Australia’s consumer watchdog is taking Google to court, alleging the tech giant lied to Android users about the information being collected about them.

The Australian Competition and Consumer Commission (ACCC) alleges Google was able to collect location information about a user, even when ‘Location History’ was switched off.

The ACCC says ‘Web & App Activity’ also need to be switched off for Google to not track a consumer’s whereabouts.

“Google has collected, kept and used highly sensitive and valuable personal information about consumers’ location without them making an informed choice,” ACCC Chair Rod Sims said.

The ACCC has formally instituted proceeding in the Federal Court against both Google LLC and Google Australia.

The consumer watchdog alleges that from January 2017 until late 2018, it was misleading of Google to not disclose to consumers that both settings had to be off if users did not want their personal data tracked and kept.

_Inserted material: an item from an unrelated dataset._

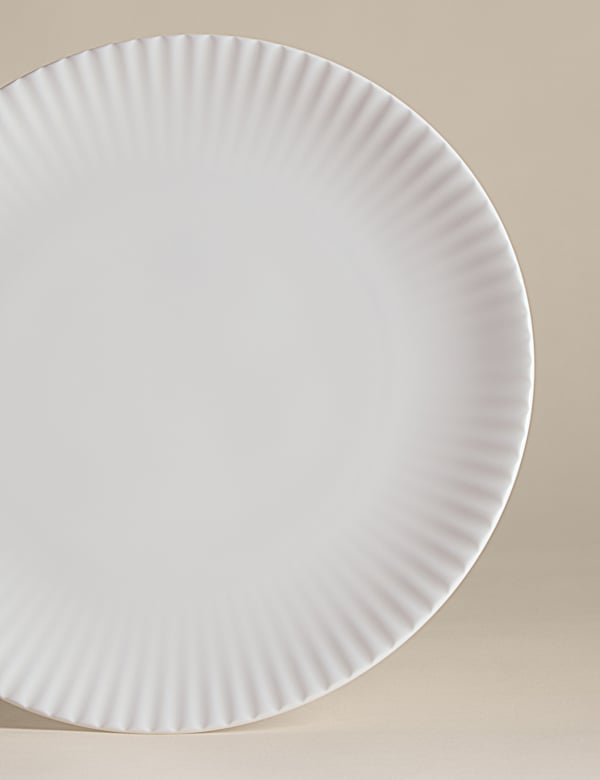 Fluted Hampton Dinner Plate - MV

“Our case is that consumers would have understood as a result of this conduct that by switching off their ‘Location History’ setting, Google would stop collecting their location data, plain and simple,” Mr Sims said.

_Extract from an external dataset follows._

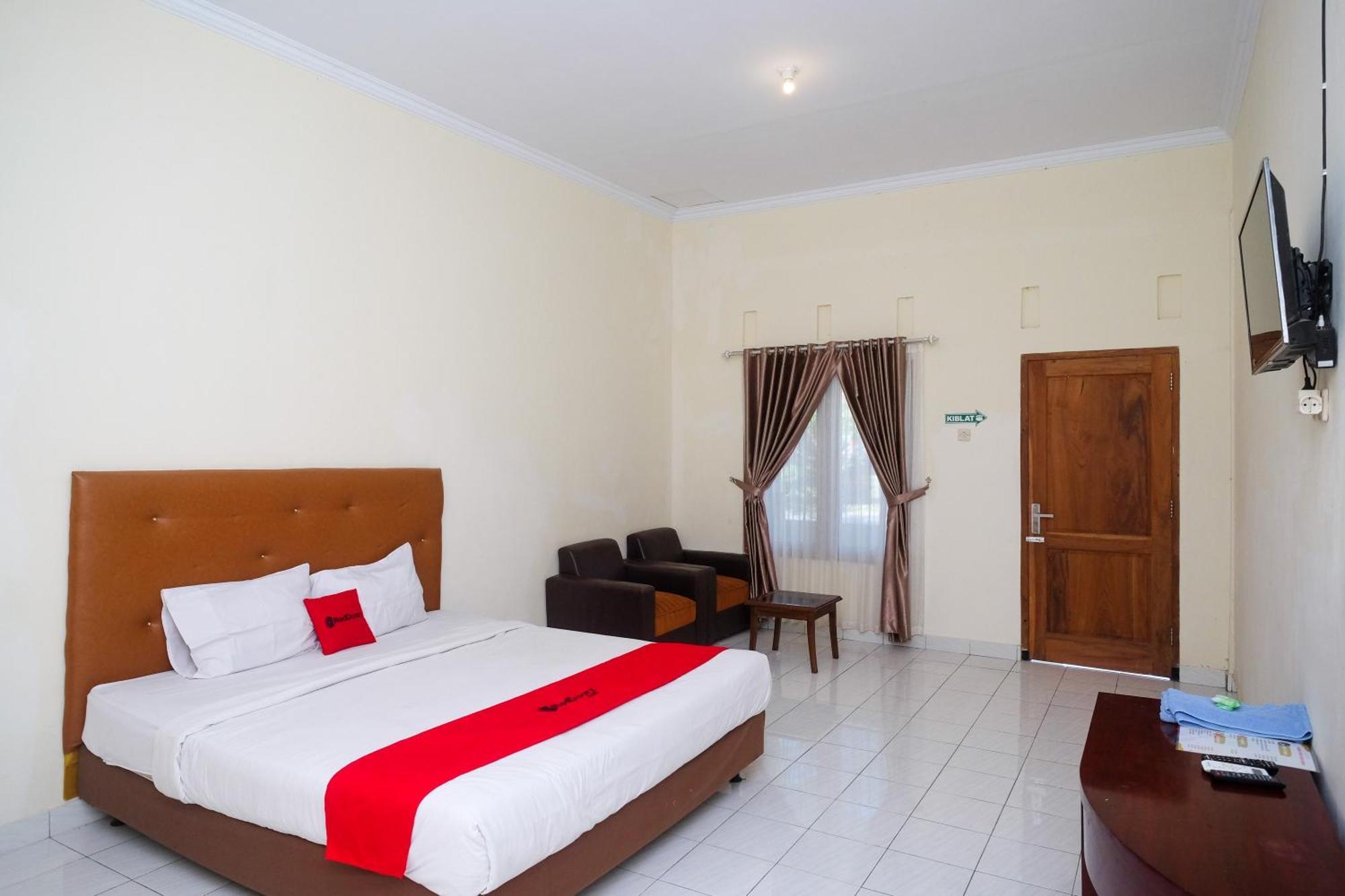 OYO 2634 Griya Birowo Syariah Hotel Wonosari Bagian luar foto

“We allege that Google misled consumers by staying silent about the fact that another setting also had to be switched off.

“Many consumers make a conscious decision to turn off settings to stop the collection of their location data, but we allege that Google’s conduct may have prevented consumers from making that choice.”

Further, the ACCC alleges that during mid to late 2018, Google told users that the only way to stop their information being collected and kept was to stop using Google services such as Search and Maps, when in fact all user had to do was turn off both ‘Location History’ and Web & Activity’ settings.